LUISS University Press

Call for Papers_ PPI, vol. 10, 2020, 3 “Enhancing Love: Killing Romance or Defending Autonomy?”

Call for Papers_ PPI, vol. 10, 2020, 3

 

Enhancing Love: Killing Romance or Defending Autonomy?”

 

The journal Philosophy & Public Issues (PPI) is inviting submissions to a forthcoming issue on “Enhancing Love: Killing Romance or Defending Autonomy?” The issue contains a symposium on Brian Earp and Julian Savulescu’s recent book Love Drugs-The Chemical Future of Relationships (Stanford University Press, 2020) with review articles by Allen Buchanan, Robbie Arrell, Lotte Spreeuwenberg, Katrien Schaubroeck and Mirko D. Garasic, followed by the authors’ replies.

 

Guest Editor: Mirko Daniel Garasic (LUISS University)

 

Submission Deadlines:

Long Abstract (1,000 words max): May 30, 2020

Full paper (10,000 words max, upon acceptance of the abstract): September 15, 2020

 

Aims and Background:

In his famous, dystopian book Brave New World, Aldous Huxley told us to imagine a not too distant future in which the government ensured political consensus -or, at least, a lack of fierce protest against its policies- by providing citizens with a special, legal drug: soma. Such a drug “helped” political stability by ensuring the lack of spontaneous emotional engagement with one another, creating a future in which love disappeared from our everyday vocabulary.
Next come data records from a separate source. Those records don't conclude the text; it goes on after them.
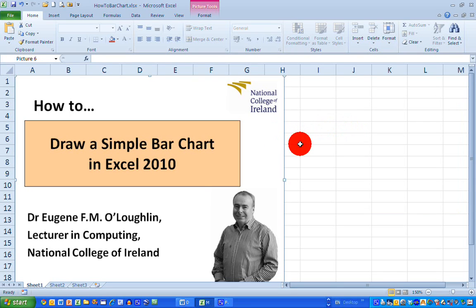Hi everybody. This is Eugene O'Loughlin, Lecturer in Computing at the National College of Ireland, and welcome to my series of short how-to videos.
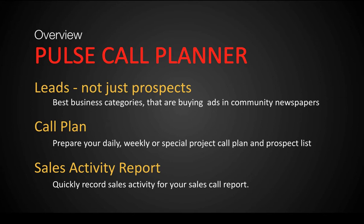The next step, obviously, in a Call Planner Program is recording your sales activity. But we've made it really easy so that you're able to record your sales activities during the period and, without any hassle, prepare your call sheet to submit, if required, to your manager at the end of the period.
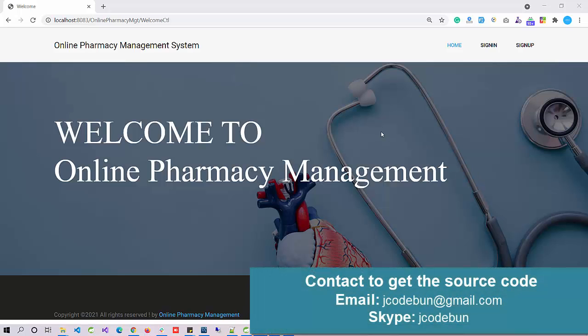Hello, welcome again. Today I'm going to show you another demo for the Online Pharmacy Management System. This is an existing project that we've upgraded and added new modules to in 2021, so now it's looking very good with many modules. Let's take the demo.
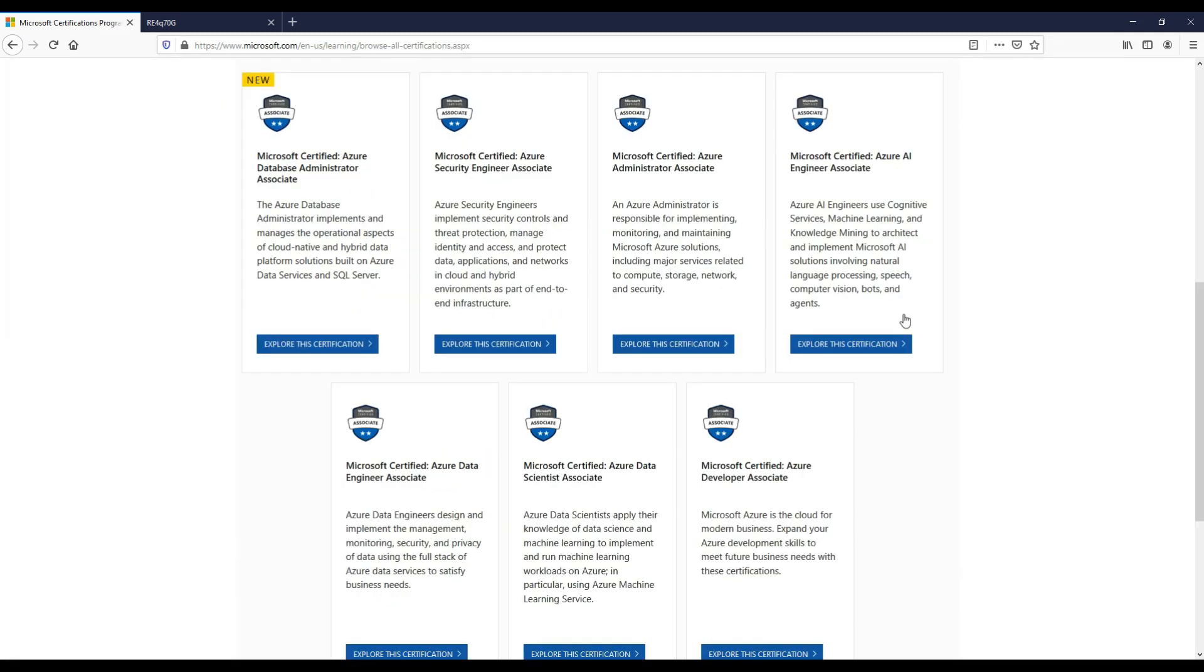Going back and looking at the associate certifications, these are classed under core infrastructure, messaging, data management and analytics, security, developer. As you can see, there's a new certification there for databases now, for example.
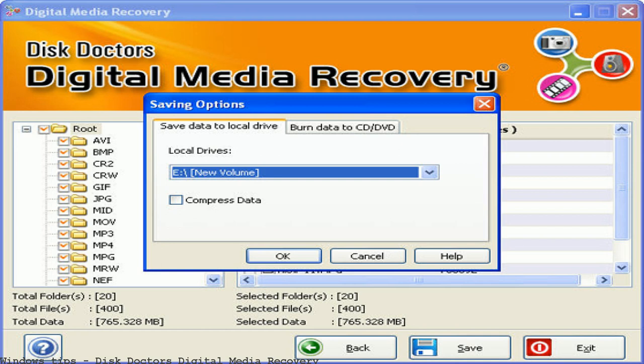Download Disk Doctors Digital Media Recovery for free. Disk Doctors Digital Media Recovery is comprehensive recovery software for any digital media. Look at the most relevant Disk Doctors Digital Media Recovery websites out of 434,000 at KeyOptimize.com — found at diskdoctors.com.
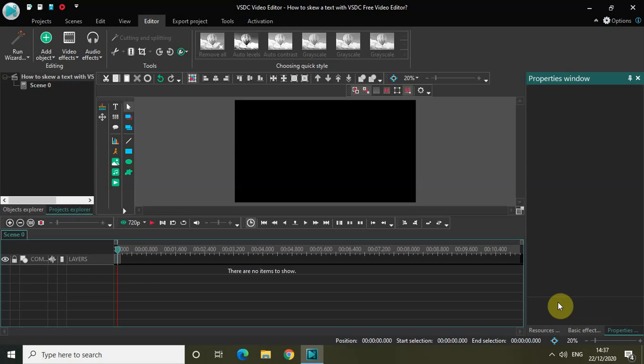Hey guys, welcome back to Next Gen Blogger. In this video I want to show you how you can skew a text with VSDC free video editor. I'm really excited for this tutorial because we have already seen how you can skew a video, but skewing a text is really different.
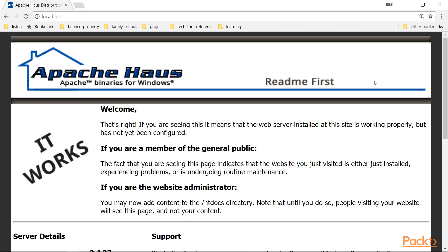I used one of the packages available on the web, this one for Windows, to install Apache rather than build it myself. This has the benefit of having many modules pre-built and also comes with the OpenSSL executables that we'll use to produce the certificate in the next video.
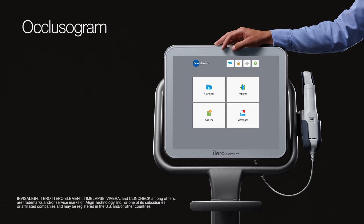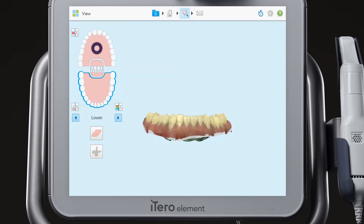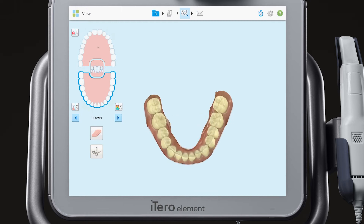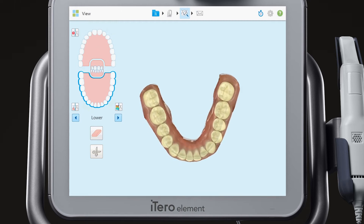It's easy to use the occlusogram with your iTero digital model for improved patient communication. Beginning with a full mouth scan, tap on the view icon. When the case is finished processing, tap off the arch that you do not wish to evaluate to show only the arch for evaluation.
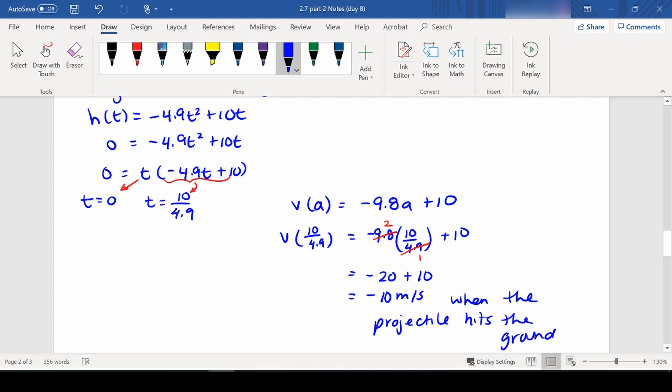The negative velocity makes sense because the projectile is falling — the distance between the projectile and the ground is decreasing at that point. And that's all for today.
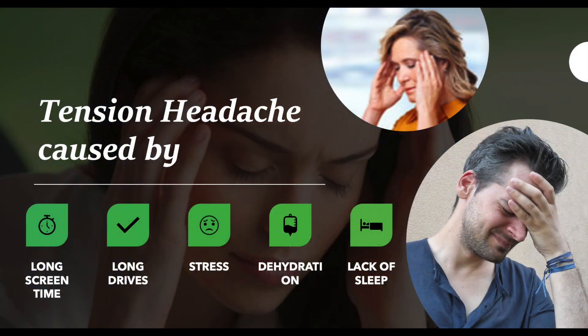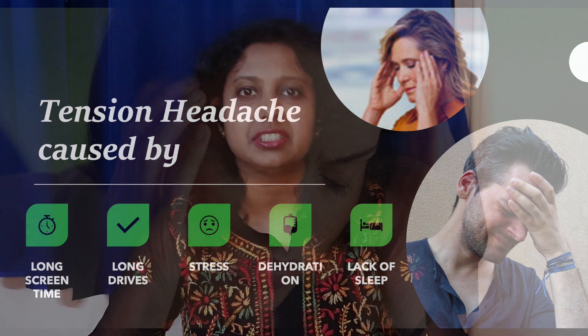Some of the most common causes are staring at a screen for a long time, driving for a long period of time, stress, dehydration, lack of sleep, and many more.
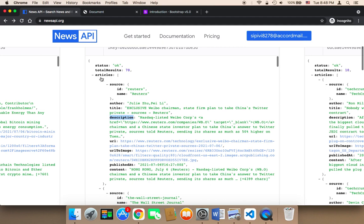So we need to get these articles, and then we need to loop over it to get each single content, each single news headline or news story, and then display it into our website. So the keys that we are interested in are the articles and then the objects, the objects such as the description, the title, the URL, the URL to image.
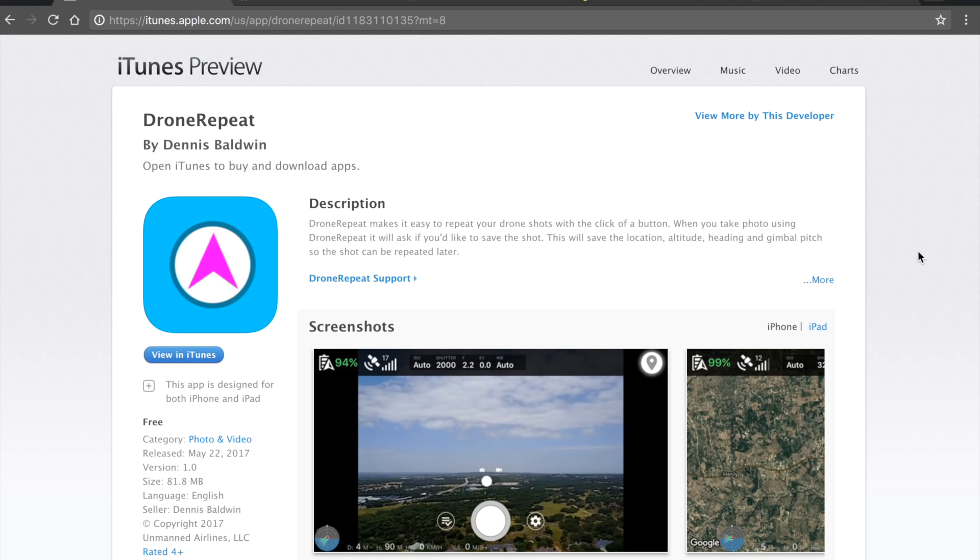We're currently looking at drone repeat. I released this in the app store a couple of weeks ago, and I've personally been using it to frame a nadir shot once a day over my house to put together an annual change in landscape.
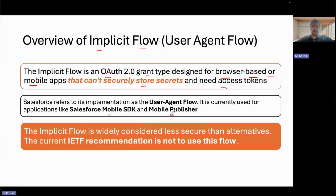The access token will be generated using this flow. Salesforce also uses this flow for their mobile application and mobile publisher. However, per the IETF recommendation, this flow is considered less secure and there are better alternatives. We generally call this a legacy flow because modern applications don't use it. There's an alternative — the authorization code flow with PKCE — which we'll discuss in an upcoming video. The IETF recommendation is not to use this flow for new implementations.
Though not built on these premises, Brian Earp and Julian Savulescu’s book wants us to pay attention that -even if as mere side effects- anti-love drugs are already among us. And we should care to think more systematically about the way we want to deal with this scientific development.

 

Love Drugs puts forward interesting and important questions on how we could implement the already available findings surrounding the love-therapy/love-enhancement debate. How should a medical practitioner interact with such knowledge and tool? If she was able to give a drug to your partner to make the bound to happen break-up smoother and emotionally less destructive, should we push her to do so? Would that be nudging, good old paternalism or else? On the other end of the spectrum, would you take a pill that will guarantee an increment in your romantic engagement with your partner? Would that enhance love or kill it once and for all?

 

This PPI issue on “Enhancing Love: Killing Romance or Defending Autonomy” intends to explore the new scientific findings put forward by Earp and Savulescu’s work and the potential impact that love drugs could have not only in our private sphere but also on our society as a whole. We encourage submissions of original papers that engage with the philosophical implications (moral as well as political) that clarify the concept of love in relation to different collective identities (religion, gender, race etc.) and contributions that explore the relationship between love, identity and liberalism.

 

We invite articles discussing following problems (but not limited to):

 

– What is love? Why should we care about keeping it authentic? Why should we not?

 

– Who should choose whether to use or not love drugs? The State? The individual?

 

– What could be the positive and negative implications of bending love to our rational choices?

 

– Does the expansion into the realm of love trigger any new dimension of concern in the human enhancement debate?

 

Submission Details:

Please send a (.odt, .doc or .docx) file containing a long abstract (1,000 words max) and a title, prepared for blind review. All personal information (name, affiliation, and contact) must be submitted separately, along with a short abstract (200 words max). Deadline for abstract submission is May 30, 2020. Decisions will be made within a month.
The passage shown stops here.